→ **Assignment**
From the line containing "Посадовець міськради незаконно" to the line containing "Used 2024 Hyundai Elantra SEL FWD image 25" in the entries below, reproduce every line exactly, ends included. Nothing else belongs in the copy, and no pictures.

→ **Dataset excerpts**
= Beginning of Section =

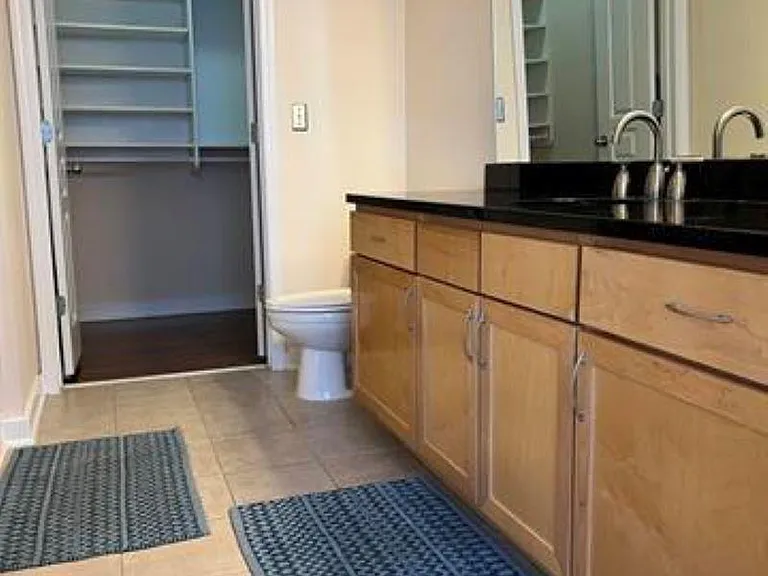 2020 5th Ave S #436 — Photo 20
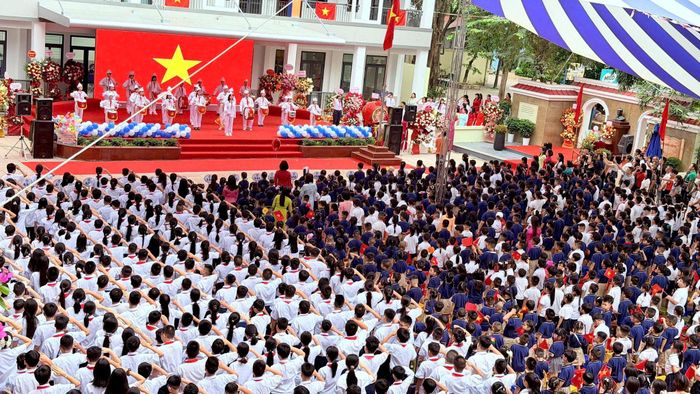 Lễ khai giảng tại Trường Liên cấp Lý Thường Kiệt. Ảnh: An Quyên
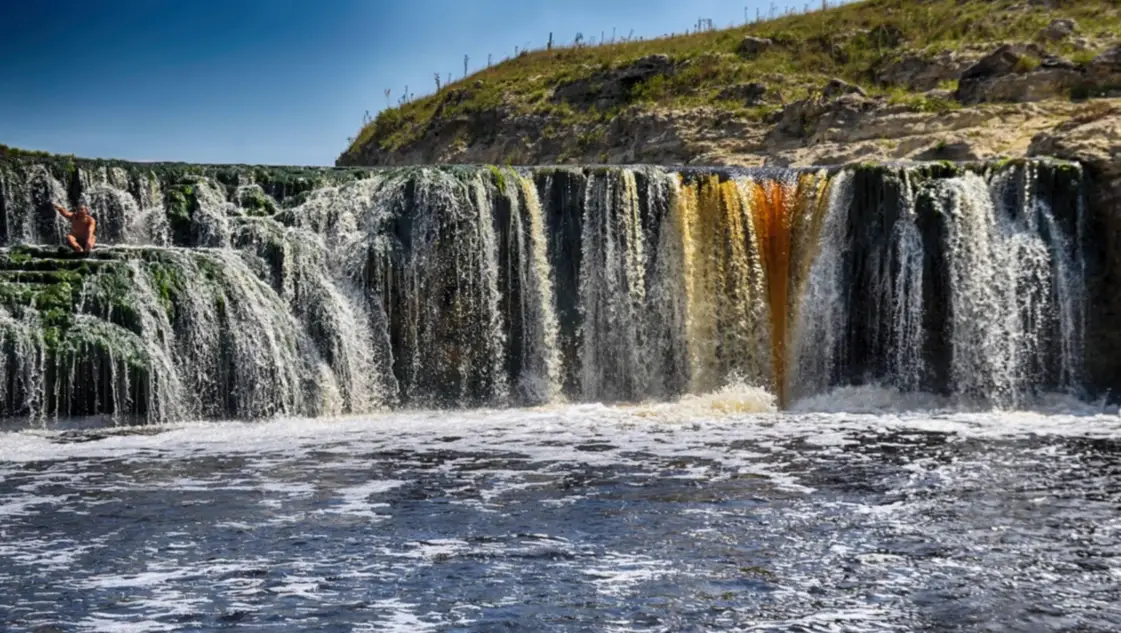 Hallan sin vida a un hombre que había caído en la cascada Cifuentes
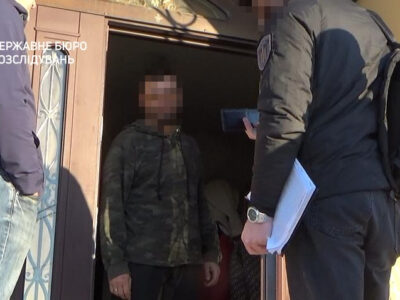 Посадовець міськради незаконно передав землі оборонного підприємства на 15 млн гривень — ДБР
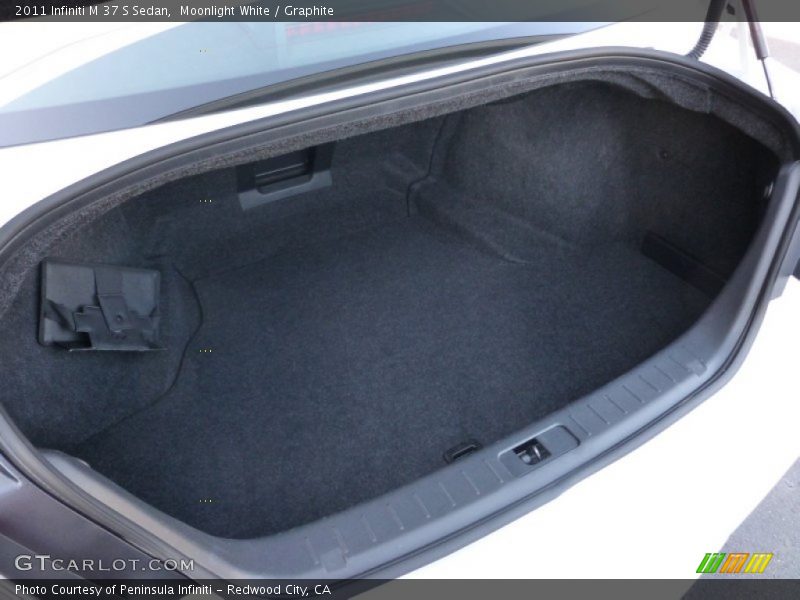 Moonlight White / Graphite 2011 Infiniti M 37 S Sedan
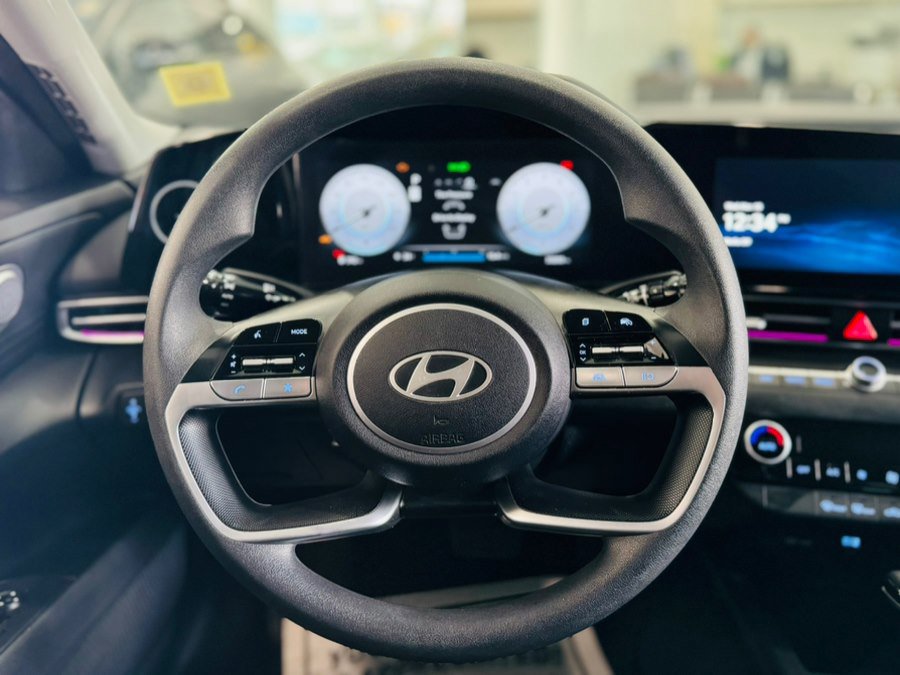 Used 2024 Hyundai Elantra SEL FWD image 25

= End of Section =
= Beginning of Section =

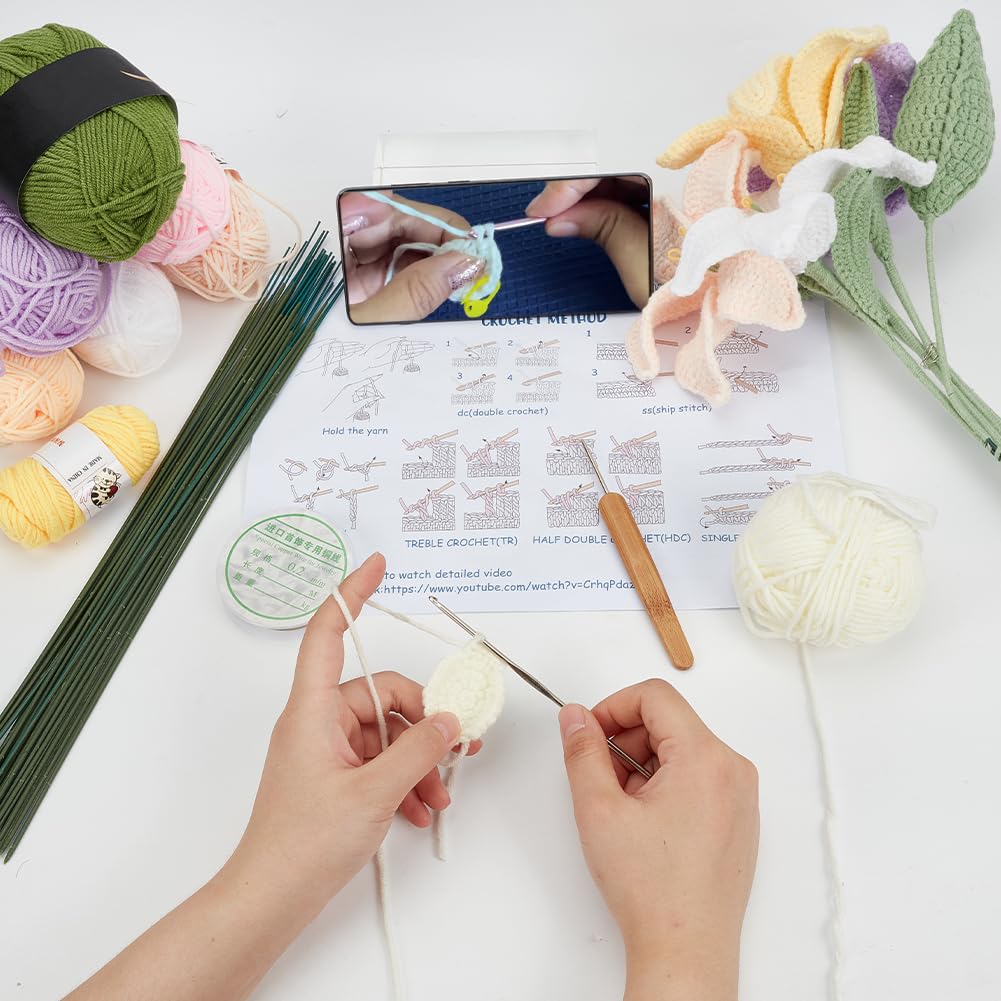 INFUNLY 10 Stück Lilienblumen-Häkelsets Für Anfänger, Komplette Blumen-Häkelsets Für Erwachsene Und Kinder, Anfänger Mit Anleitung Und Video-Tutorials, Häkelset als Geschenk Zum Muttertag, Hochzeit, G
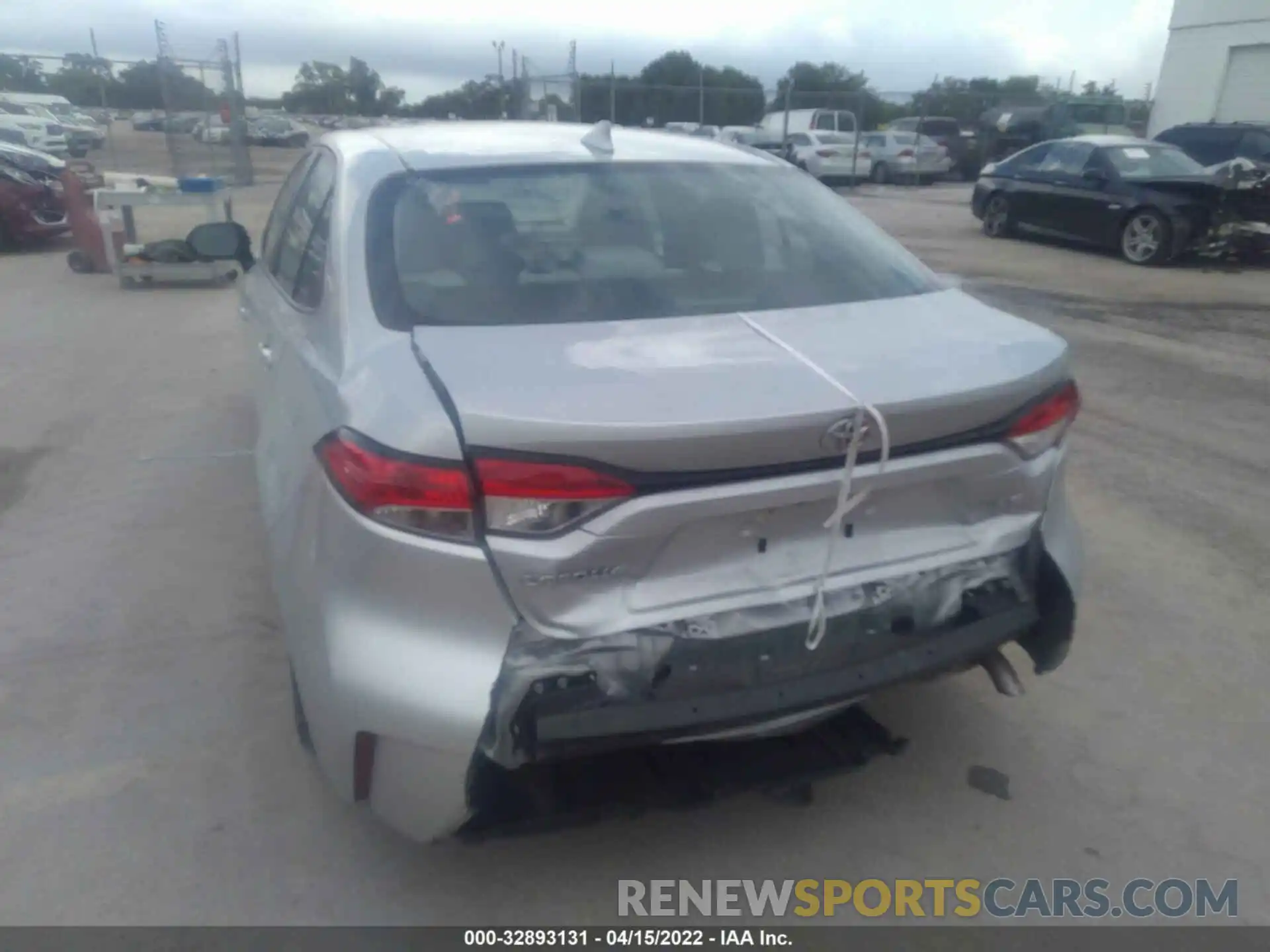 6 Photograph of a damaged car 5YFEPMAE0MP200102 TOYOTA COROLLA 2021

= End of Section =

→ **The completed task**
 Посадовець міськради незаконно передав землі оборонного підприємства на 15 млн гривень — ДБР
 Moonlight White / Graphite 2011 Infiniti M 37 S Sedan
 Used 2024 Hyundai Elantra SEL FWD image 25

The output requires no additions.